**Task instructions:**
The expected result is a word-for-word copy of the entries, minus any pictures.

**Image-caption web data:**
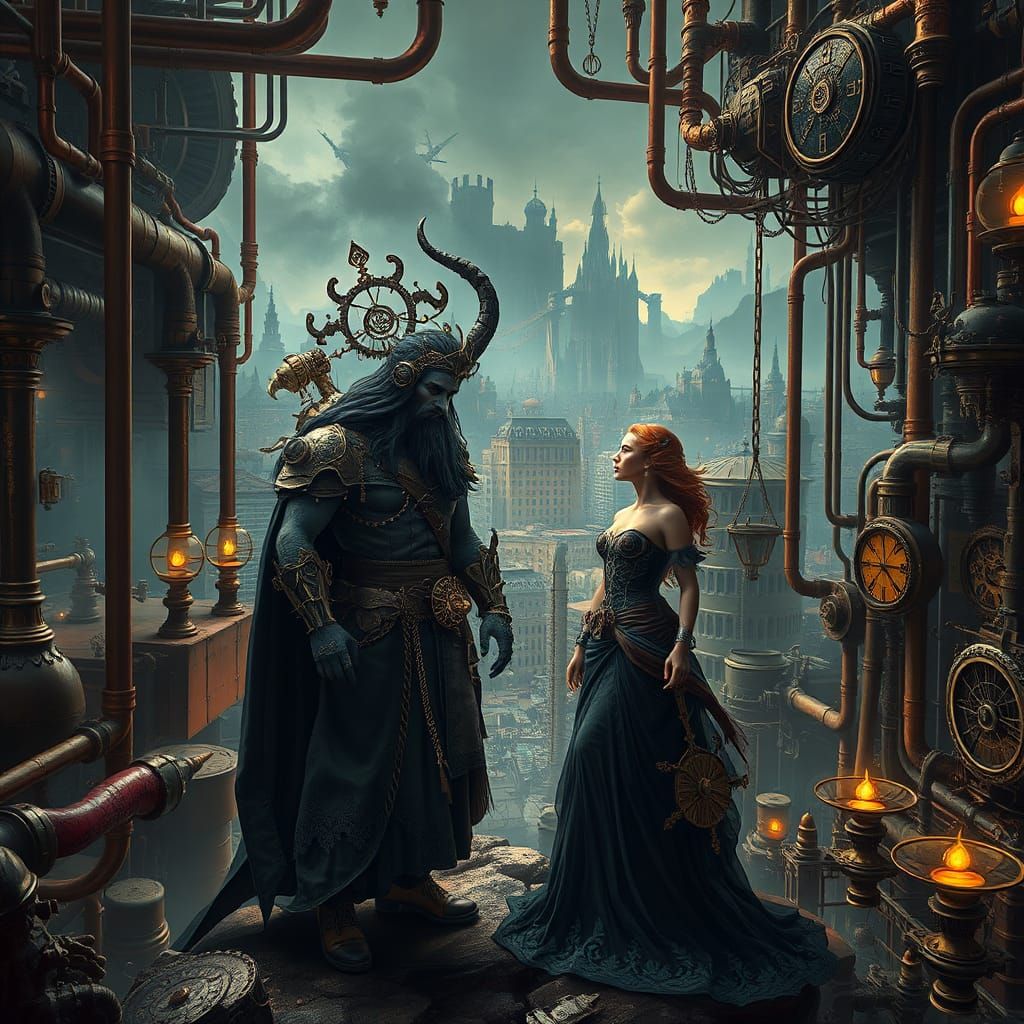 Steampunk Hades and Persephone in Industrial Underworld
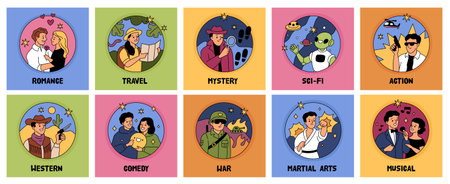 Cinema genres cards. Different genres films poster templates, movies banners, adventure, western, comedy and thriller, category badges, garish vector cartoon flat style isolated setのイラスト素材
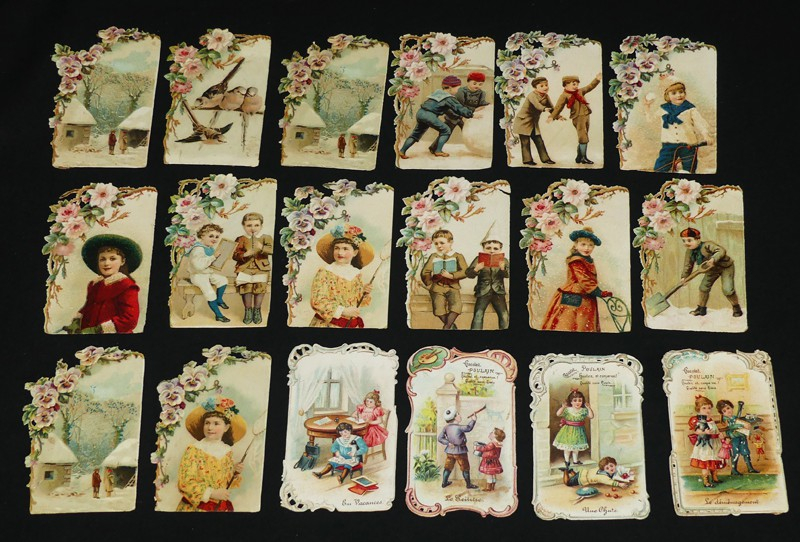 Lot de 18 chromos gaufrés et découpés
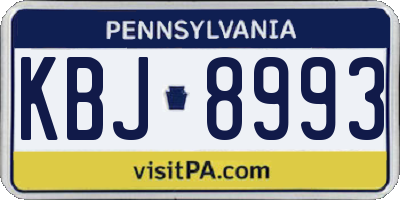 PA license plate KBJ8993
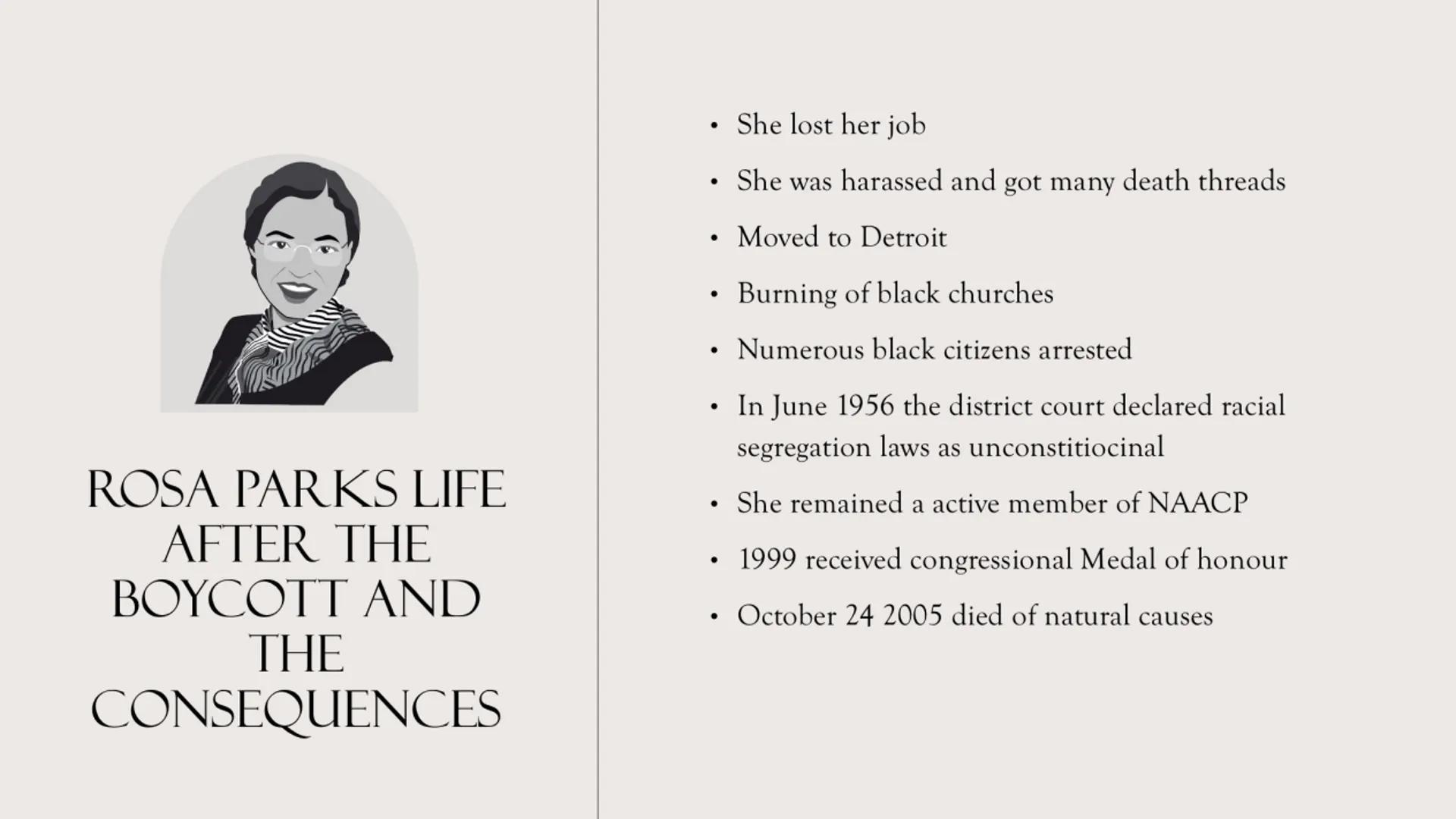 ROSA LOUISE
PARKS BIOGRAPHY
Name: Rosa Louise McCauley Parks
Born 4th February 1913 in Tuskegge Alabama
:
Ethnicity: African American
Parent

**Response for this exercise:**
 Steampunk Hades and Persephone in Industrial Underworld
 Cinema genres cards. Different genres films poster templates, movies banners, adventure, western, comedy and thriller, category badges, garish vector cartoon flat style isolated setのイラスト素材
 Lot de 18 chromos gaufrés et découpés
 PA license plate KBJ8993
 ROSA LOUISE
PARKS BIOGRAPHY
Name: Rosa Louise McCauley Parks
Born 4th February 1913 in Tuskegge Alabama
:
Ethnicity: African American
Parent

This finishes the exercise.